▶ _Activity_
In the listing below, count every line that contains "photo". Give nothing but the number.

▶ _Data to process_
______________________________

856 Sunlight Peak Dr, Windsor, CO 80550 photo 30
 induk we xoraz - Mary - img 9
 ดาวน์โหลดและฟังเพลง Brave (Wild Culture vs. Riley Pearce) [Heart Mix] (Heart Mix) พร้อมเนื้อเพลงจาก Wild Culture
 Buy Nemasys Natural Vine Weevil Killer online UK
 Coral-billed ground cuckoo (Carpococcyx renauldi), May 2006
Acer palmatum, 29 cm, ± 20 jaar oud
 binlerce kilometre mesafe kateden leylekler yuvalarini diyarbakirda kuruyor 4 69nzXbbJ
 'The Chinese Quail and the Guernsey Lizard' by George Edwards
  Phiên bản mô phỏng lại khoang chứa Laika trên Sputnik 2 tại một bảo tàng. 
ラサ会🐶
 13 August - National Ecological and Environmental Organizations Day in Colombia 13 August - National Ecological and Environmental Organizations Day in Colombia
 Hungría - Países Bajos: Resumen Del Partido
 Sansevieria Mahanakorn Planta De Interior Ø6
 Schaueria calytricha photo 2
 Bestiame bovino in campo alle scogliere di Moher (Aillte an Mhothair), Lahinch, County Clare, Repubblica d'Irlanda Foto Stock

______________________________

▶ _Answer for this exercise_
2